Parallel algorithms for MDAnalysis
https://www.mdanalysis.org/pmda/
Other
31 stars 22 forks source link

Error when running `AnalysisFromFunction()` on more processes than frames #147

Open luponzo86 opened 3 years ago

luponzo86 commented 3 years ago

Expected behaviour

Successfully running AnalysisFromFunction() on all available CPUs by setting n_jobs=-1 even for very small trajectories.

Actual behaviour

A Warning is raised:

/srv/home/lponzoni/anaconda3/envs/ifpe/lib/python3.7/site-packages/pmda/parallel.py:360: UserWarning: run() uses more blocks than frames: decrease n_blocks
  warnings.warn("run() uses more blocks than frames: "
/srv/home/lponzoni/anaconda3/envs/ifpe/lib/python3.7/site-packages/numpy/core/_asarray.py:83: VisibleDeprecationWarning: Creating an ndarray from ragged nested sequences (which is a list-or-tuple of lists-or-tuples-or ndarrays with different lengths or shapes) is deprecated. If you meant to do this, you must specify 'dtype=object' when creating the ndarray
  return array(a, dtype, copy=False, order=order)

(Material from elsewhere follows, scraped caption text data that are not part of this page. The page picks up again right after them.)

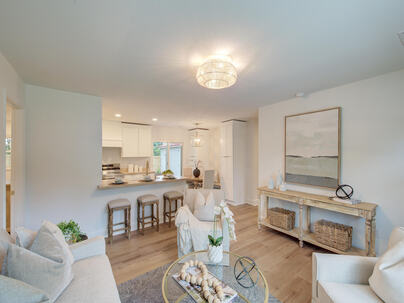 Photo 1 of 25 : 2660 Orchid Avenue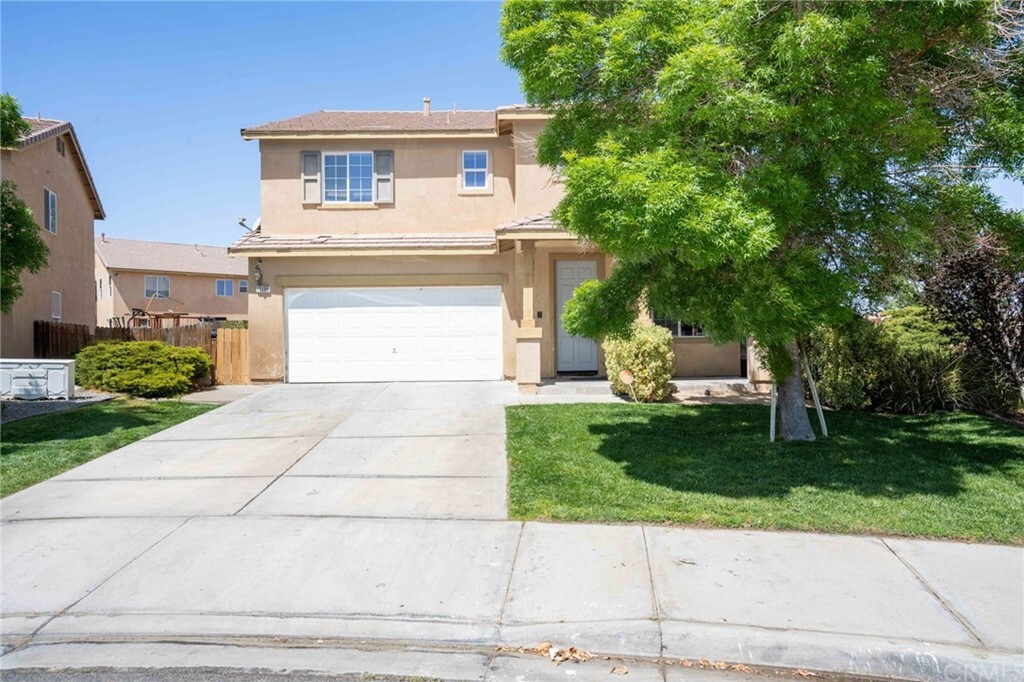 Property Photo:  15156 Paddock Court  CA 92394 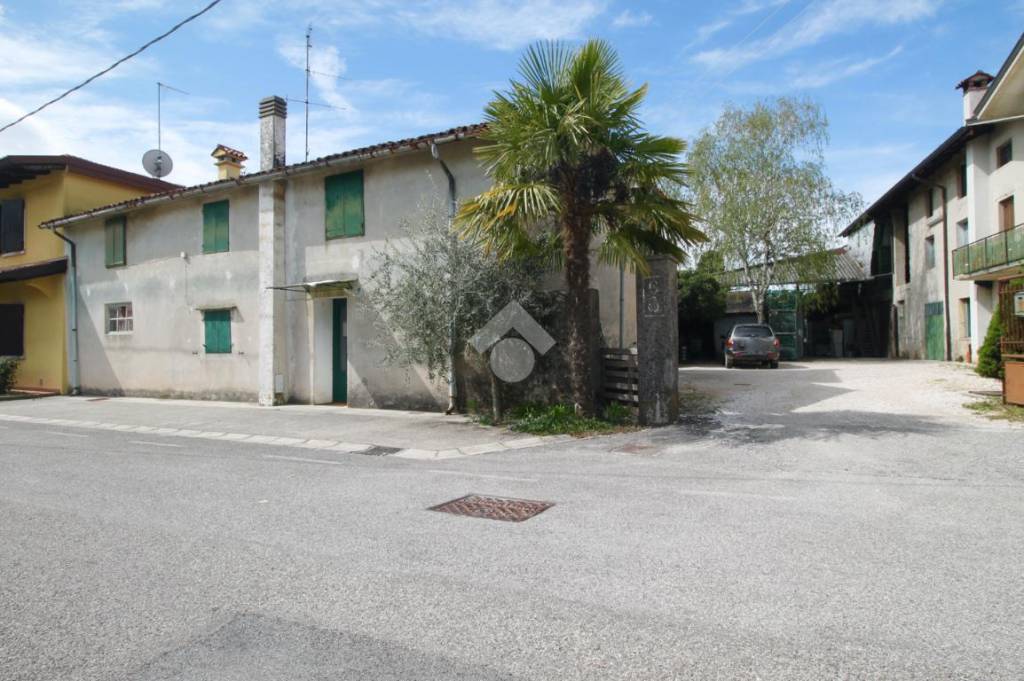 casa indipendente in vendita a Corno di Rosazzo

but the code runs anyway until an error is thrown:


---------------------------------------------------------------------------
ValueError                                Traceback (most recent call last)

<omissis>

/srv/home/lponzoni/anaconda3/envs/ifpe/lib/python3.7/site-packages/pmda/parallel.py in run(self, start, stop, step, n_jobs, n_blocks)
    398                 # save the frame numbers for all blocks
    399                 self._blocks = _blocks
--> 400                 self._conclude()
    401         # put all time information into the timing object
    402         self.timing = Timing(

/srv/home/lponzoni/anaconda3/envs/ifpe/lib/python3.7/site-packages/pmda/custom.py in _conclude(self)
    101 
    102     def _conclude(self):
--> 103         self.results = np.concatenate(self._results)
    104 
    105 

<__array_function__ internals> in concatenate(*args, **kwargs)

ValueError: all the input arrays must have same number of dimensions, but the array at index 0 has 2 dimension(s) and the array at index 10 has 1 dimension(s)

Code to reproduce the behaviour

I could not find MDs to run an example on (I had problems installing MDAnalysisTests, see issue #3084) but it basically happens when AnalysisFromFunction() is run on a trajectory with n frames and n_jobs is set to a value greater than n, or n_jobs = -1

This is not a big deal, but it was hard to debug and I wanted to report it.

Currently version of MDAnalysis: 1.0.0

pmda version: 0.3.0

luponzo86 commented 3 years ago

A quick fix would be to add the following check:

    # import trajectory
    u = mda.Universe(pdb_file, traj_file)

    # set number of parallel processes
    if n_jobs == -1:
        n_jobs = len(os.sched_getaffinity(0))
    # make sure that n_jobs is not greater than the actual number of frames
    n_total_frames = len(u.trajectory)
    n_actual_frames = len(range(
        start if start else 0,
        min(n_total_frames, stop) if stop else n_total_frames,
        step if step else 1))
    n_jobs = min(n_jobs, n_actual_frames)
orbeckst commented 3 years ago

Thank you.

orbeckst commented 3 years ago

@luponzo86 you could create a pull request with your check. We would review, guide you in adding tests, and you'd become an author of PMDA.

Development on PMDA is currently pretty slow because everybody is doing many other things (and in particular, there's a lot of work on MDAnalysis itself). Any help is greatly appreciated.